> ACTION ITEM: The answer must be an exact copy of the records below, with every picture left out.

[PROVIDED MATERIAL]

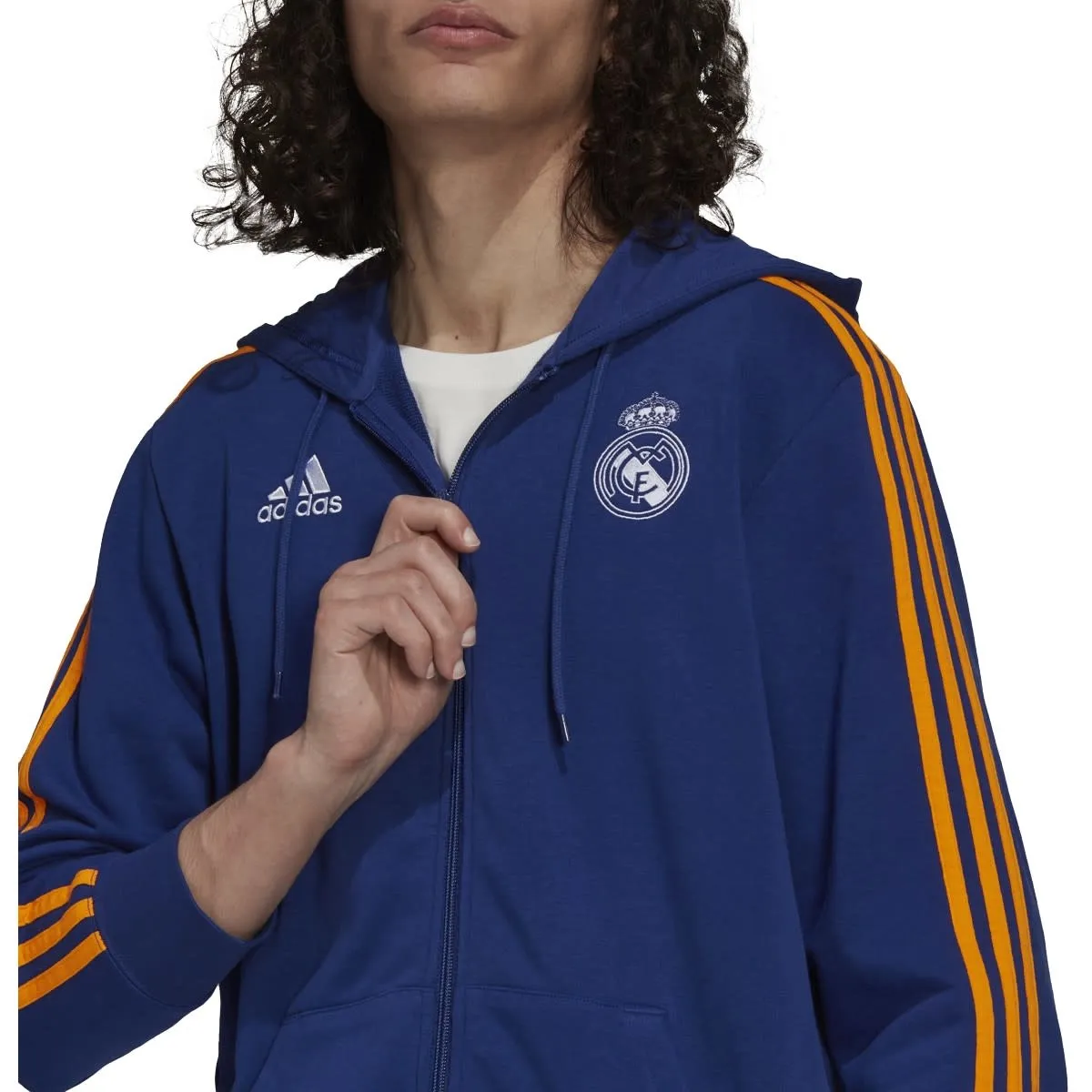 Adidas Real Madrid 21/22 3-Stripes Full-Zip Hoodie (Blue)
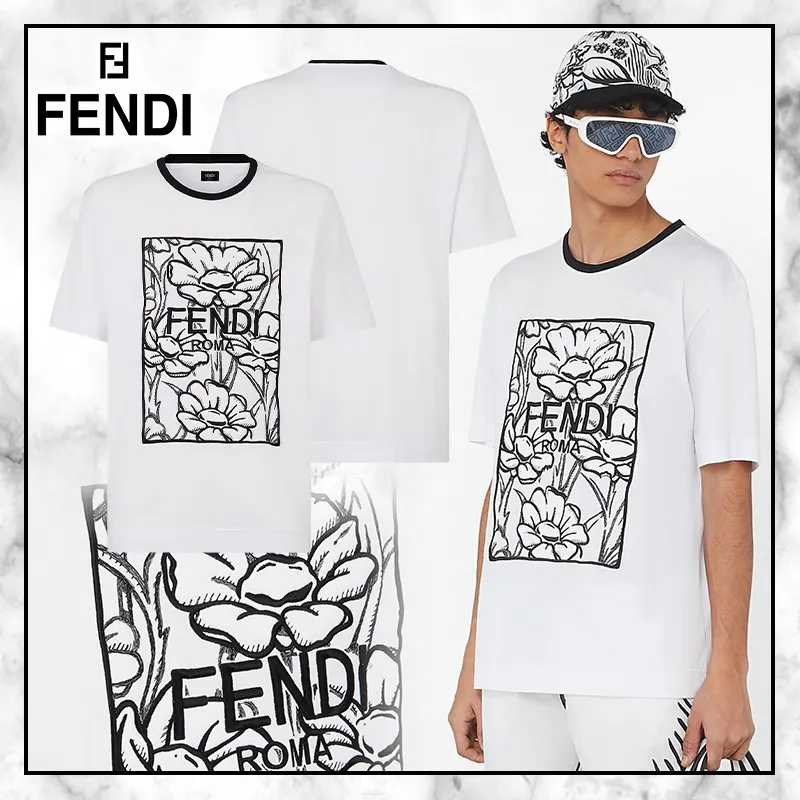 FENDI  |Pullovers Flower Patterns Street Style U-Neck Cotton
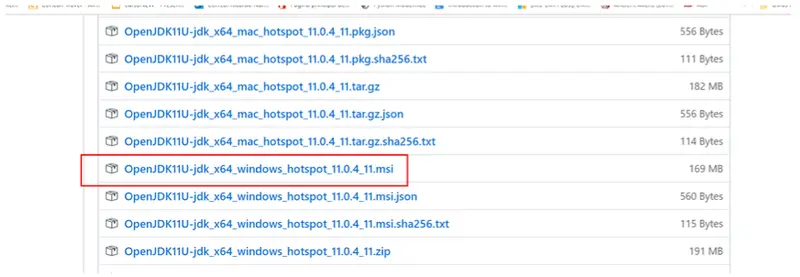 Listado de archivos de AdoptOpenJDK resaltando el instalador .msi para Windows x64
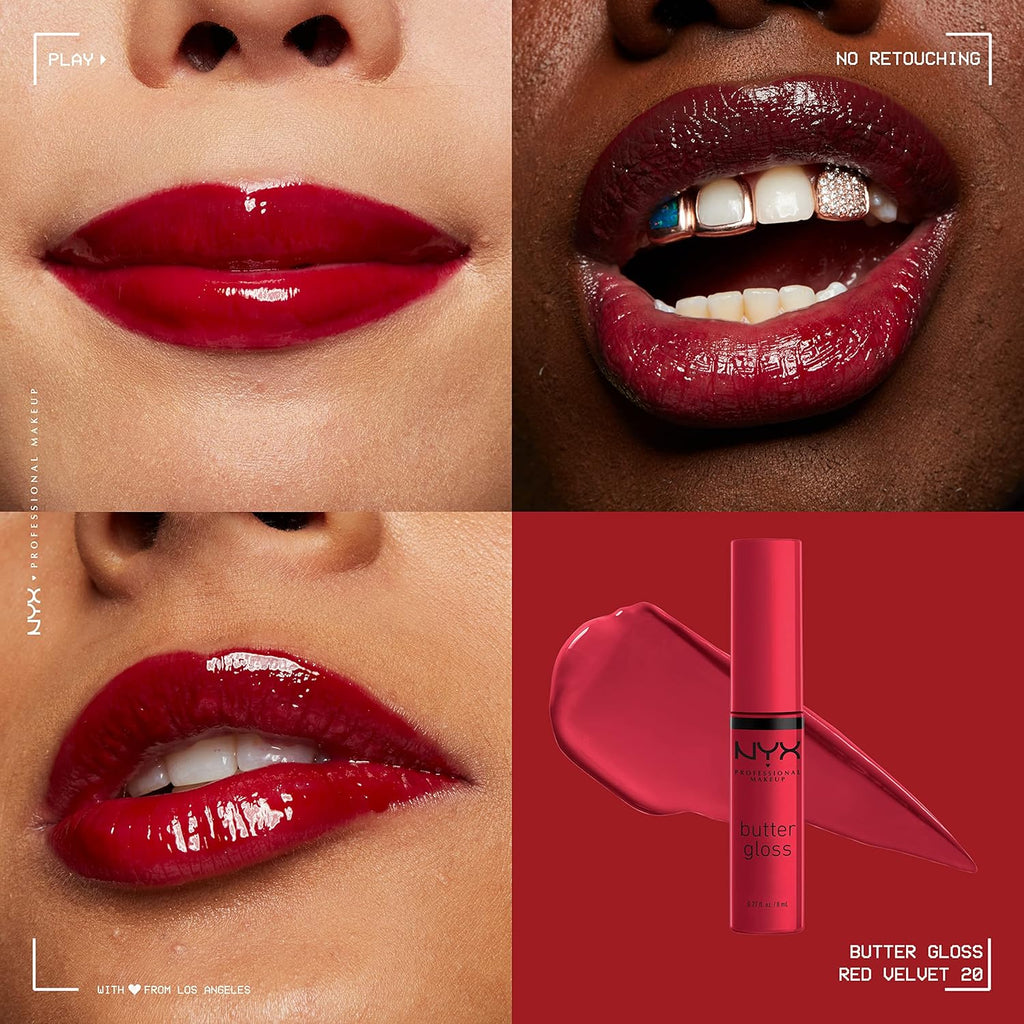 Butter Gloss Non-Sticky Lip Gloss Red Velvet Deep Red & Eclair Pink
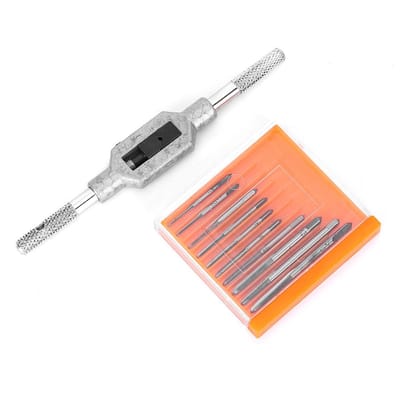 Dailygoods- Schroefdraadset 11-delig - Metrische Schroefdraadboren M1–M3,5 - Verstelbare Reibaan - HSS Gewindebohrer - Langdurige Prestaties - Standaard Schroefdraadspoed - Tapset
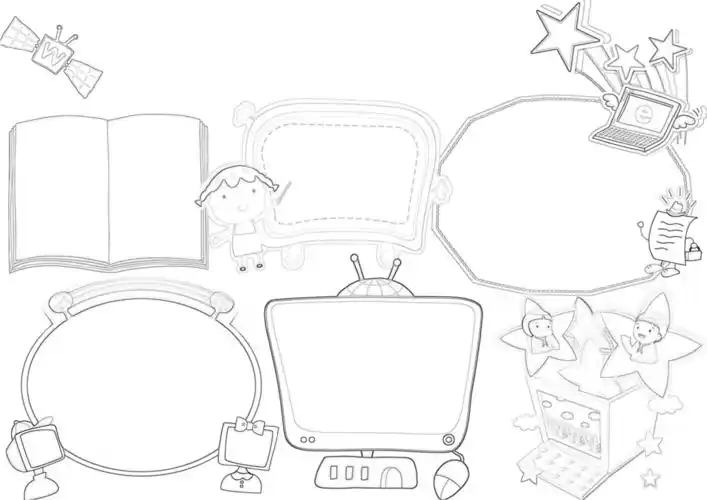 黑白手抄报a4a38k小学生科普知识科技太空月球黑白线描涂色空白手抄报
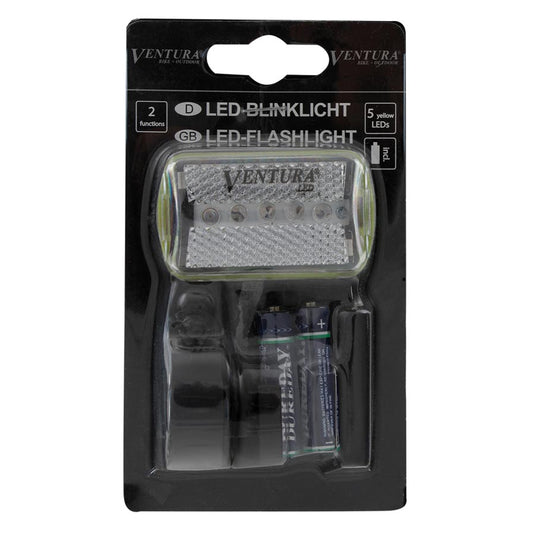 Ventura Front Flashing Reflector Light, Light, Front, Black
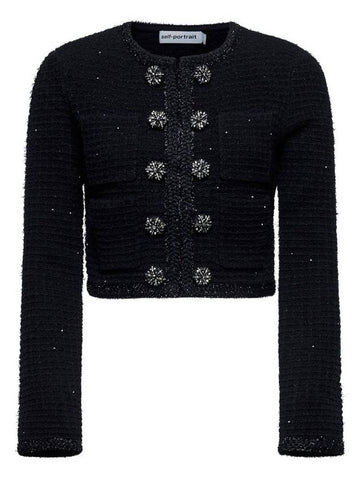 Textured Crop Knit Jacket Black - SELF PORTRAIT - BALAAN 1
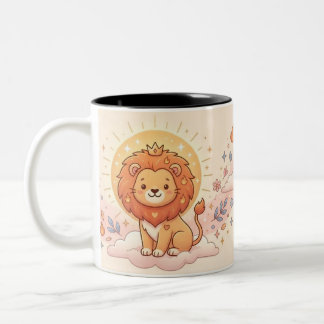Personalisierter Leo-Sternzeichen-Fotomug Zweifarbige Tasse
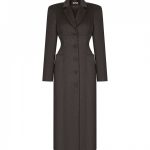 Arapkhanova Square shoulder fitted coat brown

[/PROVIDED MATERIAL]

> ANSWER SECTION:
 Adidas Real Madrid 21/22 3-Stripes Full-Zip Hoodie (Blue)
 FENDI  |Pullovers Flower Patterns Street Style U-Neck Cotton
 Listado de archivos de AdoptOpenJDK resaltando el instalador .msi para Windows x64
 Butter Gloss Non-Sticky Lip Gloss Red Velvet Deep Red & Eclair Pink
 Dailygoods- Schroefdraadset 11-delig - Metrische Schroefdraadboren M1–M3,5 - Verstelbare Reibaan - HSS Gewindebohrer - Langdurige Prestaties - Standaard Schroefdraadspoed - Tapset
 黑白手抄报a4a38k小学生科普知识科技太空月球黑白线描涂色空白手抄报
 Ventura Front Flashing Reflector Light, Light, Front, Black
 Textured Crop Knit Jacket Black - SELF PORTRAIT - BALAAN 1
Personalisierter Leo-Sternzeichen-Fotomug Zweifarbige Tasse
 Arapkhanova Square shoulder fitted coat brown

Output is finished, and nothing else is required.